It was usual for the Romans, in the person of a conquering general, later the emperor or a governor of a province, to make individual grants of Roman citizenship, which involved the recipient in adopting the Roman style of nomenclature. The Roman naming system was fundamentally different from the Greek, involving three names, praenomen, nomen and cognomen, with the patronymic expressed by a formula which came after the nomen. Thus: G(aius) Julius G(aii) f(ilius) Caesar.
Greeks receiving Roman citizenship would adopt the praenomen and nomen of the donor; in this way, names like Julius and Flavius first made their way into Greek nomenclature, in a variety of spellings (Φλαουιος, Φλαβιος ). For their cognomen, though Greeks did sometimes adopt Roman names, they more usually retained their Greek name. Thus, Gaius Julius Alexander, Titus Flavius Alcibiades.
The traditional Greek patronymic system did not fit easily into the Roman pattern, and Greeks adopted a number of strategies to cope with the problem. Sometimes they imitated the Roman system completely, but sometimes they simply appended the name of the father after the cognomen, either simply in the genitive, or with an ‘explanatory’ formula. For example, Τιβ. Κλαυδιος Αλεξανδρος πριν Φιλιππου ‘Tib. Klaudios Alexander, formerly son of Filippos’, meaning not that the person had been adopted, but that previously he would have expressed his patronymic this way.
After 212 AD, all free inhabitants of the Roman Empire became citizens under the Constitutio Antoniniana, with the nomen Aurelius. But throughout the Roman period, even after 212 AD, Greeks are found bearing Roman names as single names ‘in the Greek manner’. LGPN has many examples of names such as Μαρκος, Ιουλιος, Τιτος and Φορτουνατος borne in this way, and also Greek forms developed from them, Μαρκιων, Ιουλιττα, Φορτυνατιων etc.
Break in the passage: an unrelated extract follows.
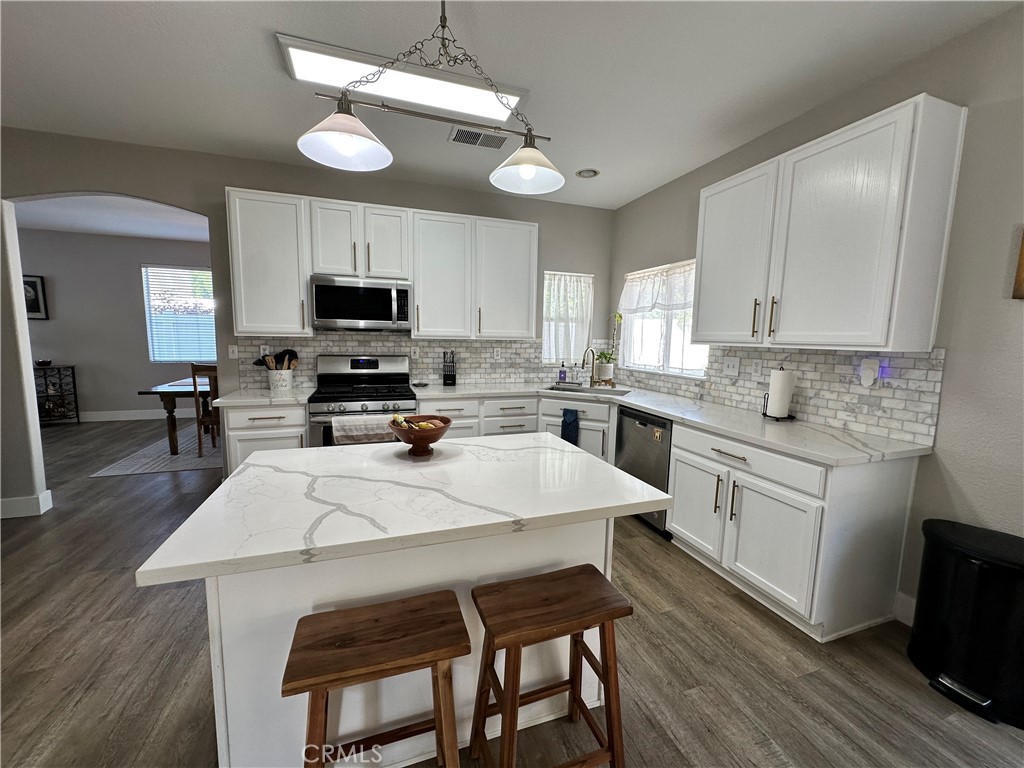 2775 Canyon View Circle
Christianity was destined to make a permanent impact on Greek nomenclature, but the change was neither sudden nor simple. Some ‘Christian’ names, such as John (Ιωαννης), Anna and Maria, were, of course, Jewish. In time, but not much before the fourth century AD, new ‘Christian’ names appeared, formed on the Greek pattern but incorporating the values of the new religion, for example Eusebios. The old pagan ‘neutral’ theophoric names such as Theodora and Theophilos continued in use and so became ‘Christian’, alongside a new compound, Theo-doulos (`servant of God’), comparable to Christo-doulos (‘servant of Christ’), unprecedented in pagan theophoric names.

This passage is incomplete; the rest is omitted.